== Task requirements ==
Once you find the line with "Bluefeet Siyah Rugan" in the listing below, set down exactly every line from it through the line with "FingerAngel Mix 25Pcs", but no pictures.

== Source data ==
---+---
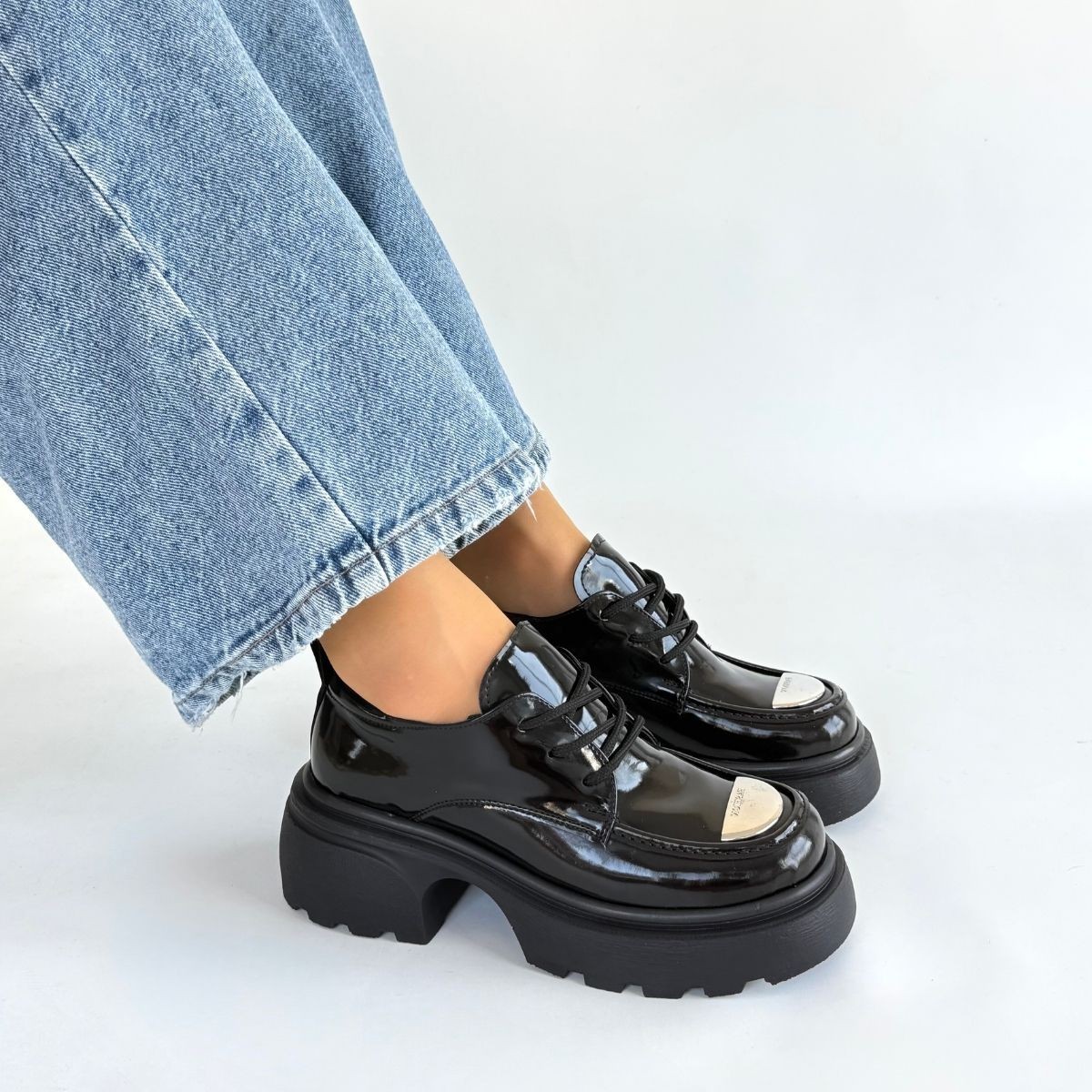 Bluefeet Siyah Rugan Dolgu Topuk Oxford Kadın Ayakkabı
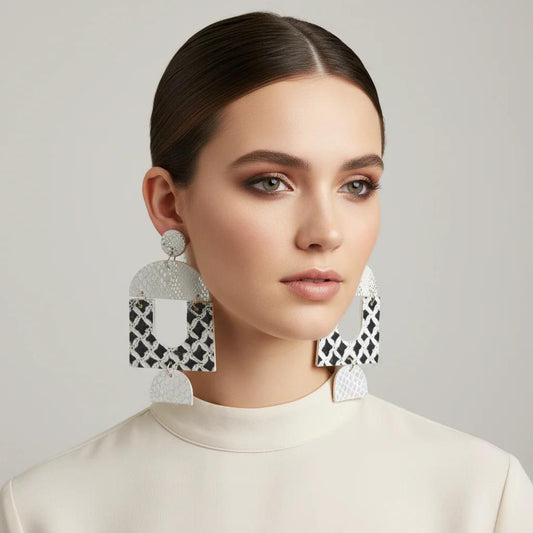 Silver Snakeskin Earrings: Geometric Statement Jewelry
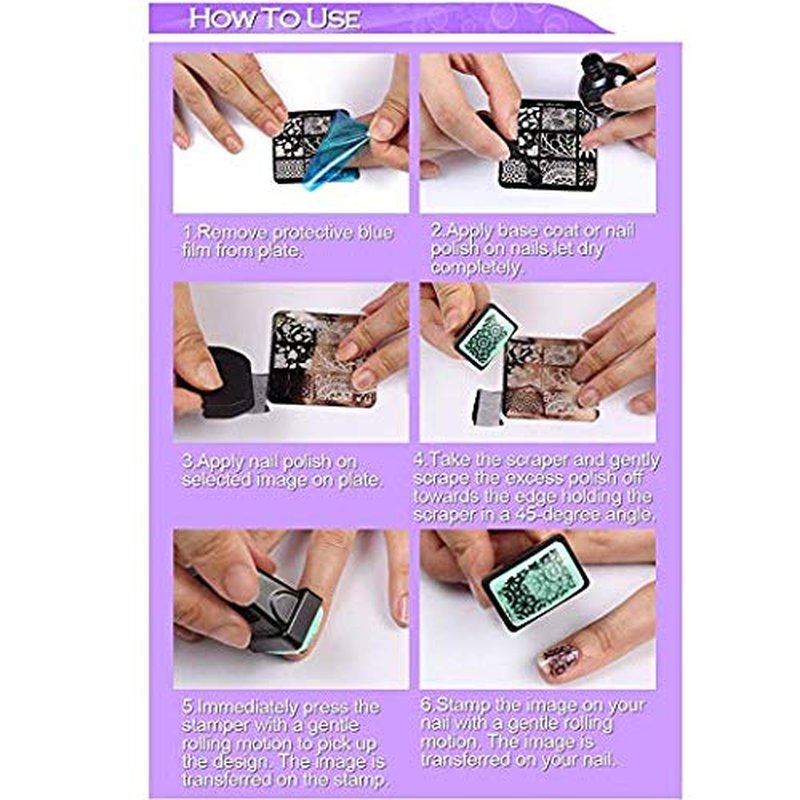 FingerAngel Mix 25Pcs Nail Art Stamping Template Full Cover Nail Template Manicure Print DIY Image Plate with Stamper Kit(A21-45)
---+---
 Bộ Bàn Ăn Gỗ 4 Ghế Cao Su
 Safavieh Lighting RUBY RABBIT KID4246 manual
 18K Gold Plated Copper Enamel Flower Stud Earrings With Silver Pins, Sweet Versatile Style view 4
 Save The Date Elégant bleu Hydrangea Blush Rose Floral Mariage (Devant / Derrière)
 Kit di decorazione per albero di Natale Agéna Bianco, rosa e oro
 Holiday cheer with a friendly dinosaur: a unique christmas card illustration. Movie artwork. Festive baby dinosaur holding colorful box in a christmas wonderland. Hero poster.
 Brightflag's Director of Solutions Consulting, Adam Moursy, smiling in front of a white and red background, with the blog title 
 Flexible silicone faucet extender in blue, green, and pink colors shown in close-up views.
---+---
== Task solution ==
 Bluefeet Siyah Rugan Dolgu Topuk Oxford Kadın Ayakkabı
 Silver Snakeskin Earrings: Geometric Statement Jewelry
 FingerAngel Mix 25Pcs Nail Art Stamping Template Full Cover Nail Template Manicure Print DIY Image Plate with Stamper Kit(A21-45)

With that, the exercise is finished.